### Assignment
Return every line from the one with "Natural 1.90 ct" through the one with "4711 Imogene Street Houston TX 77096", inclusive, exactly as it appears below.

### Records to process
== Segment start ==

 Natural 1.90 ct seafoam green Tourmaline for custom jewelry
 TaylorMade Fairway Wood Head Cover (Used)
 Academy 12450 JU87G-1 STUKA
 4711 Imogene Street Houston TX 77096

== Segment end ==
== Segment start ==

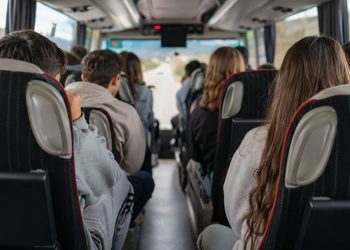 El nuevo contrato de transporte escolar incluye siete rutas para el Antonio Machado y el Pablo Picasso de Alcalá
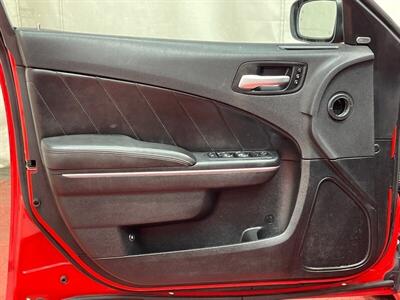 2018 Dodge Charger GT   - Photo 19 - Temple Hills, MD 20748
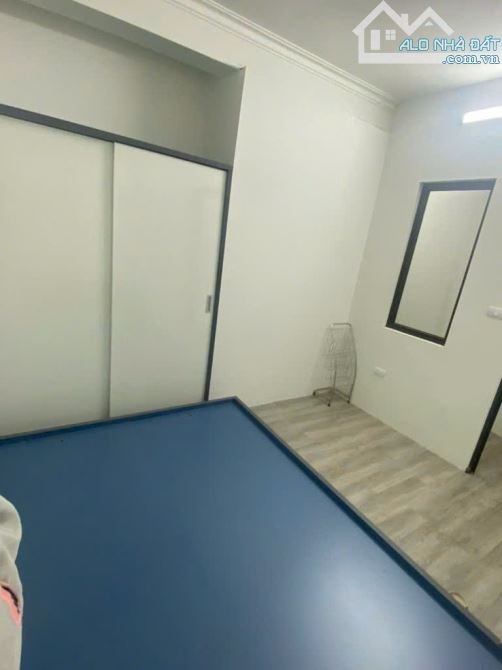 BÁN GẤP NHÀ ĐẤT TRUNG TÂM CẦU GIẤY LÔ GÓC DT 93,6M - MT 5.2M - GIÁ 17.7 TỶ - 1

== Segment end ==

### Task solution
 Natural 1.90 ct seafoam green Tourmaline for custom jewelry
 TaylorMade Fairway Wood Head Cover (Used)
 Academy 12450 JU87G-1 STUKA
 4711 Imogene Street Houston TX 77096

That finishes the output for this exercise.